Today's market—massive housing supply and pulseless demand—has this message for builders: Outdo your competition. With December housing starts down to an annual rate of 550,000 units—the lowest level since 1947—the market can't support the number of builders it did when starts peaked at 2.15 million in September 2005.
Creative problem solving is critical to distinguishing yourself from competitors. Timely, reliable information is a key ingredient to creative problem solving.
In early 2006, the yield curve inverted. In my February 2006 Big Money column, “In Every Trend, a Silver Lining,” I wrote: “This is a big ‘uh-oh' moment because inverted yield curves have foreshadowed each of the last five recessions. Why now? Our economy is finally moving forward, showing strong GDP growth and employment growth. What possible trouble can the yield curve data be signaling? Does the inversion mean tougher times for home builders?”

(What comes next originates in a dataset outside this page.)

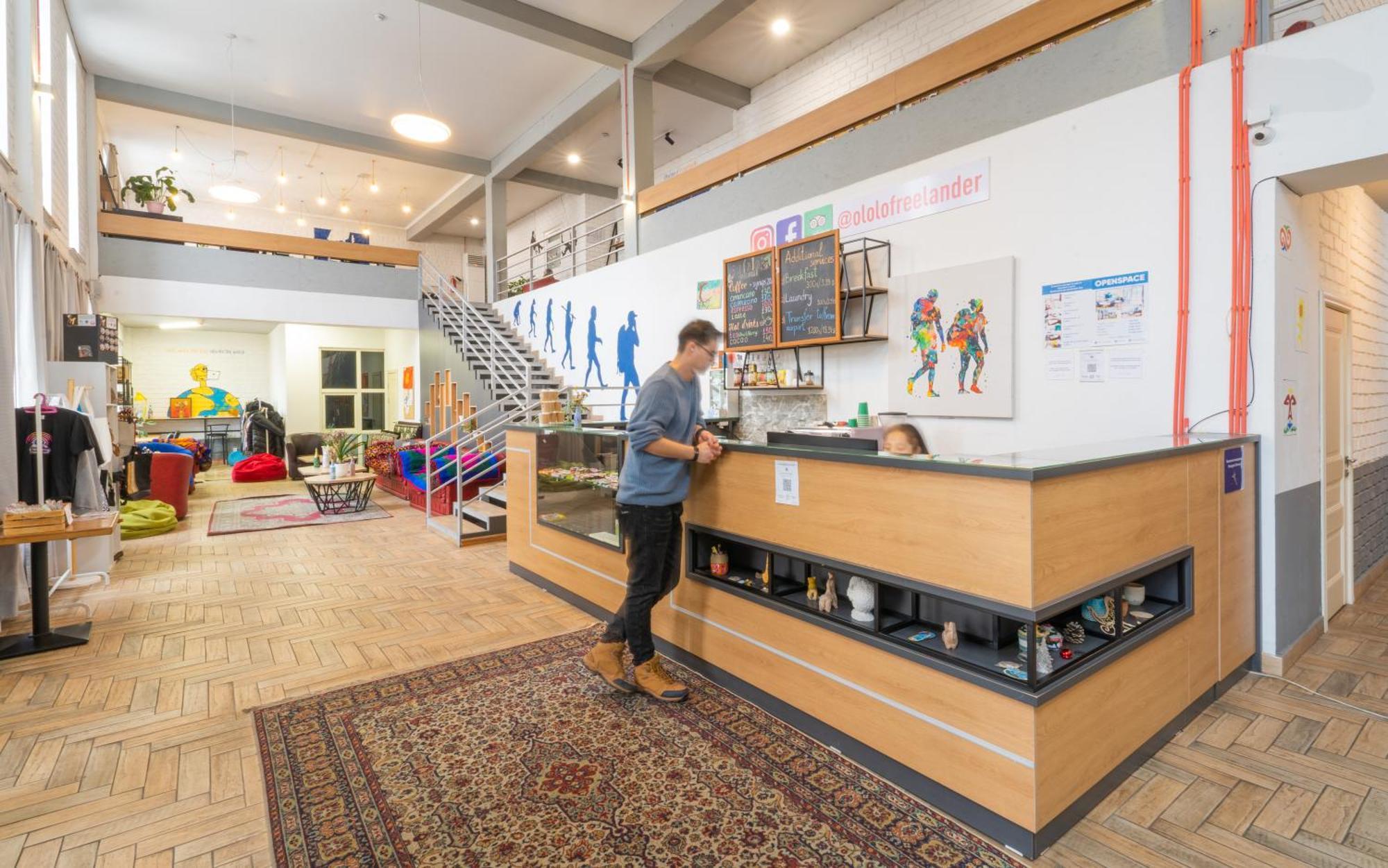 Ololofreelander Hostel&Coworking Bisjkek Eksteriør billede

A builder in early 2006 who heeded the signal of the yield curve might have made vastly different decisions knowing a recession was imminent. On the other hand, if you ignored the yield curve and believed good times would continue, you may have made bad—possibly fatal—decisions.
The yield curve plots investors' yield requirements for various maturities of U.S. Treasury bills and bonds. The shortest maturity, one-month Treasury bills, is on the far left followed by lengthening maturities of three months, six months, one year, two years, three years, five years, seven years, 10 years, 20 years, and, to the far right, 30 years.
It depicts two key components: the curve's slope and height. There is normally more risk with longer investment periods, therefore, the yield curve usually slopes gently upward as maturities lengthen and yields rise. The height of the curve signals the market's yield, or interest rate, requirement for each maturity and expectations of economic activity and inflation.
The current slope is upward, signaling that the market expects the economy to improve. The yield curve is steeper than average, implying that the market expects the economy to strengthen more than average. Given our current situation, this is welcome news.